Tuesday, February 28, 2012

. . . and Rhett Butler eyed Scarlett descending the staircase . . .


A few years back I was asked to teach a Relief Society lesson on the topic of self worth. One of the references on which I was to base the lesson was a talk by Jeffrey R. Holland, from October 2005 General Conference (url reference below). I was particularly struck by his plea to be accepting of ourselves physically, and not to obsess over the images we see in the media that create unrealistic expectations. How could I get the women who heard my lesson to see themselves differently and really appreciate themselves for who they are?

It got me thinking . . .

And then an idea struck . . .

Say what you will about romance novels (I've heard most of it already), but the genre exists for a reason. As Robert Frost once said, "Love is an irresistible desire to be irresistibly desired." What would it be like if I could make the women feel like they were the heroine of a romance novel—and have someone gaze at them adoringly and wax poetic about them?

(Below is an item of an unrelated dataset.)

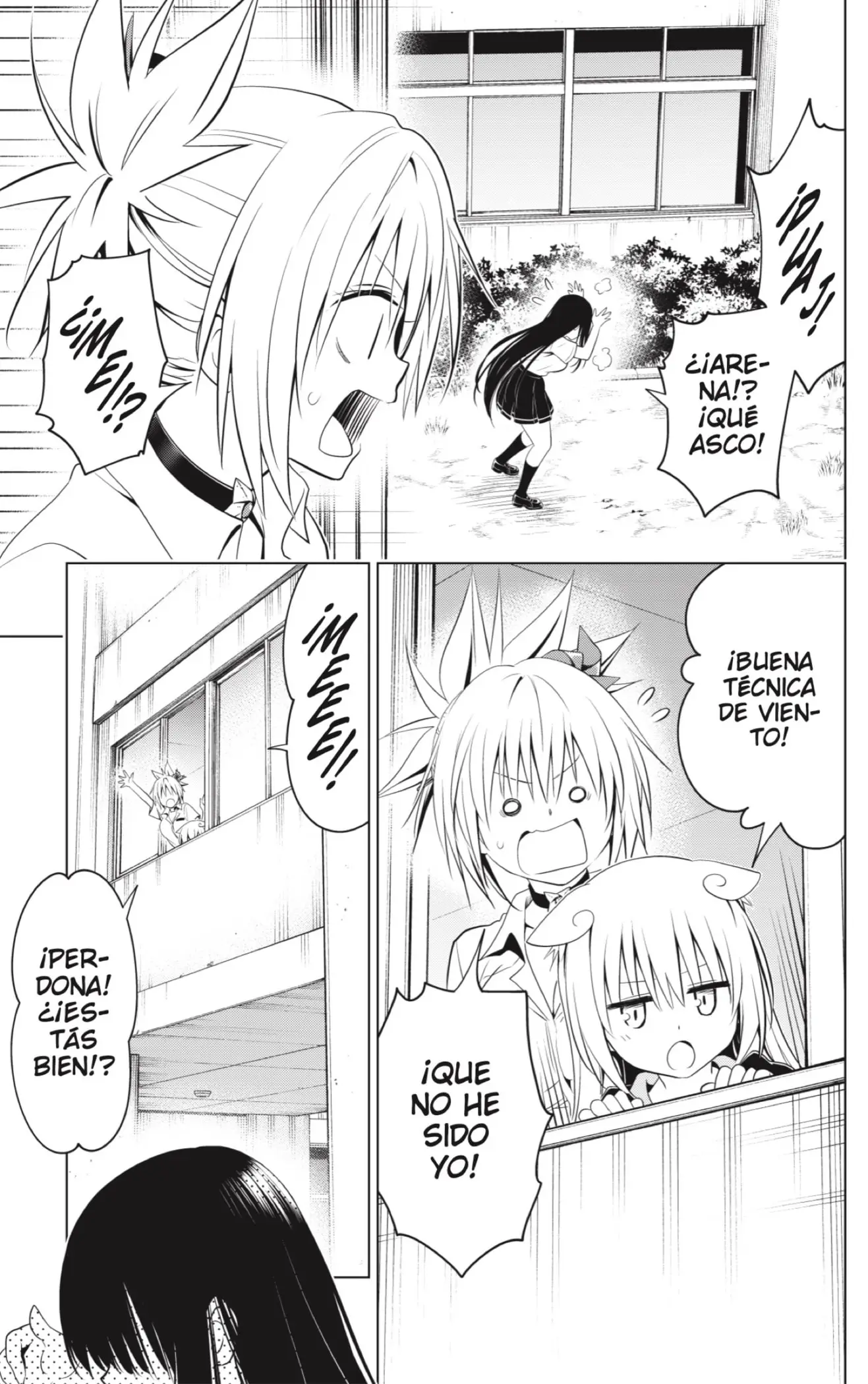 Ayakashi Triangle capítulo 109 página 9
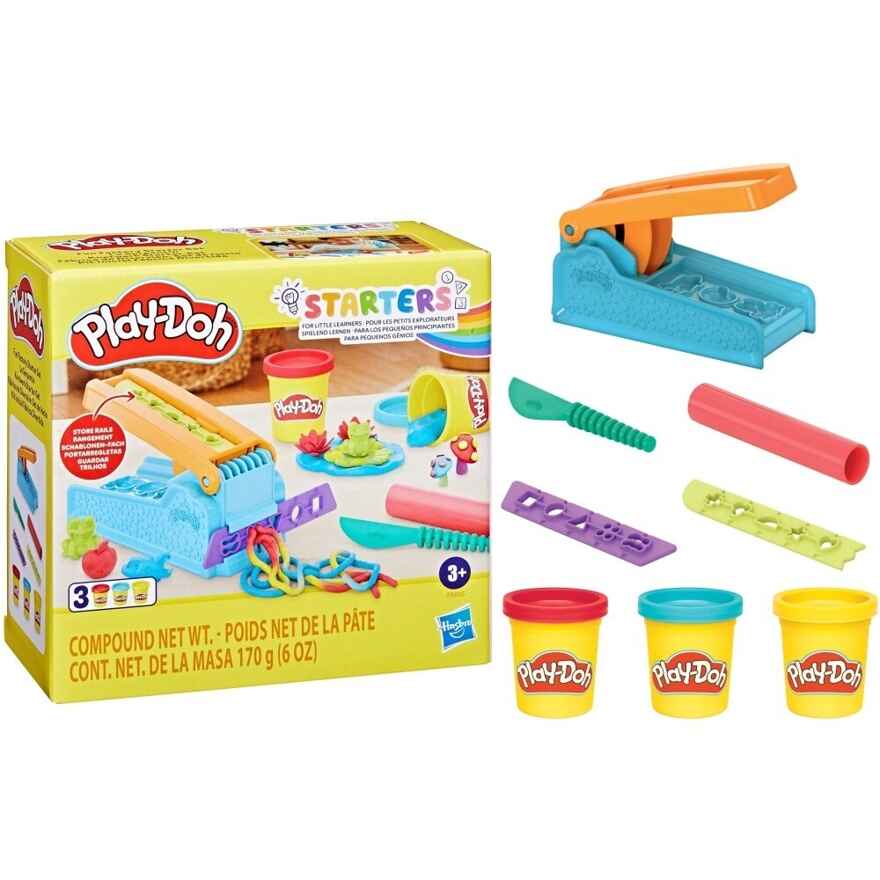 Набор с массой для лепки PLAY-DOH &quot;Фабрика развлечений&quot;, арт. F88055L0, производитель Hasbro (Хасбро), ISBN 501-0-99620-464-6, № 1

So that's exactly what I did. I wrote a line or two of romantic description about every single woman who would be there. I told the women to imagine they were the heroines of a romance, descending a grand staircase, and the hero was waiting at the bottom, really seeing them for the first time. The descriptions included references to queenly red locks that spoke of fire and passion, elfin features full of joy and mischief, the deep, soft eyes of a doe, and a "smile [that] carried the sweetness of hearth and home, with turquoise eyes that held the depths of the Caribbean within them." I tried to make them sound extra romantic.

I read each one and had the women guess who it was describing. I was surprised to discover how many of the specific descriptions I'd written applied to more than one woman!

The exercise was just supposed to be a simple object lesson, with the hope that the women would begin to see themselves differently. I was totally unprepared for the results. The reaction after class was extraordinary. I got lots of comments—most of them emotional reactions to what they'd heard about themselves and each other. Afterwards, one woman asked me if I'd noticed D (the SEVENTY-year-old with the soft eyes of a doe), when I'd said it was a description of her. "She sat up straight in her chair like she was a new woman for the rest of the lesson."

The woman with Caribbean eyes came up to me afterward, crying, because she'd never thought of herself like that before.

The other surprising result was that, to this day, I still look at D and am drawn to her beautiful brown doe eyes first. I see C and immediately think of the Caribbean. M will always be the mischievous elfin sprite to me (I found out later she's part Irish).

I hope their perspective of themselves changed that day and that they recognize the beauty found in their uniqueness. I know my perspective of them did.